The story below has been rolling around in my mind this Advent, and today it occured to me that it is a beautiful story about the Light coming on when one of us sees life through another one's eyes instead of our own. Stephen Covey in his best-selling book The Seven Habits of Highly Effective People tells this story about an incident on a subway as a perfect example of the importance of being open to a paradigm shift, thus open to the Light of Love, of Christ, of Hope.
I was riding a subway on Sunday morning in New York. People were sitting quietly, reading papers, or resting with eyes closed. It was a peaceful scene. Then a man and his children entered the subway car. The man sat next to me and closed his eyes, apparently oblivious to his children, who were yelling, throwing things, even grabbing people’s papers.
I couldn’t believe he could be so insensitive. Eventually, with what I felt was unusual patience, I turned and said, “Sir, your children are disturbing people. I wonder if you couldn’t control them a little more?”

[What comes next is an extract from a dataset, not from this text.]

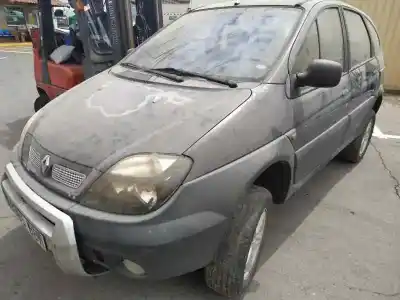 Утилизация автомобиля RENAULT SCENIC (JA..) 1.9 DCI Authentique года 2000 питание F9QK7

The man lifted his gaze as if he saw the situation for the first time. “Oh, you’re right,” he said softly, “I guess I should do something about it. We just came from the hospital where their mother died about an hour ago. I don’t know what to think, and I guess they don’t know how to handle it either.”
Suddenly, I saw things differently. And because I saw differently, I felt differently. I behaved differently. My irritation vanished. I didn’t have to worry about controlling my attitude or my behavior. My heart filled with compassion. “Your wife just died? Oh, I’m so sorry. Can you tell me about it? What can I do to help?” Everything changed in an instant.